Re: vmstat: On demand vmstat workers V4

From: Andrew Morton
Date: Thu May 08 2014 - 17:29:13 EST


(tglx poke)

On Thu, 8 May 2014 10:35:15 -0500 (CDT) Christoph Lameter <cl@xxxxxxxxx> wrote:

> There were numerous requests for an update of this patch.
>
>
> V3->V4:
> - Make the shepherd task not deferrable. It runs on the tick cpu
> anyways. Deferral could get deltas too far out of sync if
> vmstat operations are disabled for a certain processor.
>
> V2->V3:
> - Introduce a new tick_get_housekeeping_cpu() function. Not sure
> if that is exactly what we want but it is a start.

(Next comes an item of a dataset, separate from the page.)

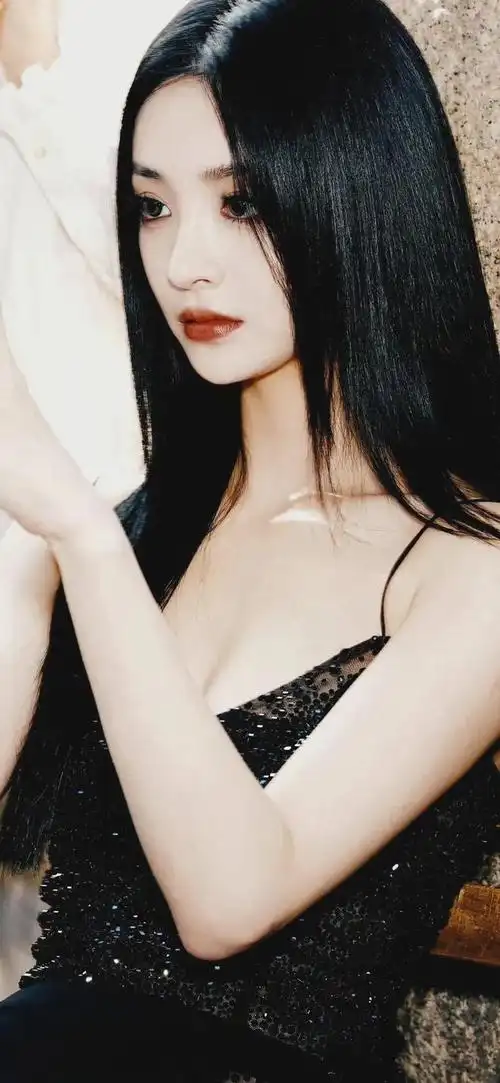 女星周洁琼荣获"年度时尚魅力艺人",美貌动人亮相|韩国|模特|乐器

Thomas?
> - Migrate the shepherd task if the output of
> tick_get_housekeeping_cpu() changes.
> - Fixes recommended by Andrew.
>
> V1->V2:
> - Optimize the need_update check by using memchr_inv.
> - Clean up.
>
> vmstat workers are used for folding counter differentials into the
> zone, per node and global counters at certain time intervals.
> They currently run at defined intervals on all processors which will
> cause some holdoff for processors that need minimal intrusion by the
> OS.
>
> The current vmstat_update mechanism depends on a deferrable timer
> firing every other second by default which registers a work queue item
> that runs on the local CPU, with the result that we have 1 interrupt
> and one additional schedulable task on each CPU every 2 seconds
> If a workload indeed causes VM activity or multiple tasks are running
> on a CPU, then there are probably bigger issues to deal with.
>
> However, some workloads dedicate a CPU for a single CPU bound task.
> This is done in high performance computing, in high frequency
> financial applications, in networking (Intel DPDK, EZchip NPS) and with
> the advent of systems with more and more CPUs over time, this may become
> more and more common to do since when one has enough CPUs
> one cares less about efficiently sharing a CPU with other tasks and
> more about efficiently monopolizing a CPU per task.
>
> The difference of having this timer firing and workqueue kernel thread
> scheduled per second can be enormous. An artificial test measuring the
> worst case time to do a simple "i++" in an endless loop on a bare metal
> system and under Linux on an isolated CPU with dynticks and with and
> without this patch, have Linux match the bare metal performance
> (~700 cycles) with this patch and loose by couple of orders of magnitude
> (~200k cycles) without it[*]. The loss occurs for something that just
> calculates statistics. For networking applications, for example, this
> could be the difference between dropping packets or sustaining line rate.
>
> Statistics are important and useful, but it would be great if there
> would be a way to not cause statistics gathering produce a huge
> performance difference. This patche does just that.
>
> This patch creates a vmstat shepherd worker that monitors the
> per cpu differentials on all processors. If there are differentials
> on a processor then a vmstat worker local to the processors
> with the differentials is created. That worker will then start
> folding the diffs in regular intervals. Should the worker
> find that there is no work to be done then it will make the shepherd
> worker monitor the differentials again.
>
> With this patch it is possible then to have periods longer than
> 2 seconds without any OS event on a "cpu" (hardware thread).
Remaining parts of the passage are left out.